Atrial natriuretic peptide (ANP) or atrial natriuretic factor (ANF) is a natriuretic peptide hormone secreted from the cardiac atria that in humans is encoded by the NPPA gene. Natriuretic peptides (ANP, BNP, and CNP) are a family of hormone/paracrine factors that are structurally related. The main function of ANP is causing a reduction in expanded extracellular fluid (ECF) volume by increasing renal sodium excretion. ANP is synthesized and secreted by cardiac muscle cells in the walls of the atria in the heart. These cells contain volume receptors which respond to increased stretching of the atrial wall due to increased atrial blood volume.

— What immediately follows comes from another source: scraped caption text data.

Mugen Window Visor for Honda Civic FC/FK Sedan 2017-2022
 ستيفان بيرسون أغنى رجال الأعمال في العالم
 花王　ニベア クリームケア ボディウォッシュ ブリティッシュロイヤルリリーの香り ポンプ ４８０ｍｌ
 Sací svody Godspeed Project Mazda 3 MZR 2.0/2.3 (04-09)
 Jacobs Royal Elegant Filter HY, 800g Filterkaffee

Reduction of blood volume by ANP can result in secondary effects such as reduction of extracellular fluid (ECF) volume, improved cardiac ejection fraction with resultant improved organ perfusion, decreased blood pressure, and increased serum potassium. These effects may be blunted or negated by various counter-regulatory mechanisms operating concurrently on each of these secondary effects.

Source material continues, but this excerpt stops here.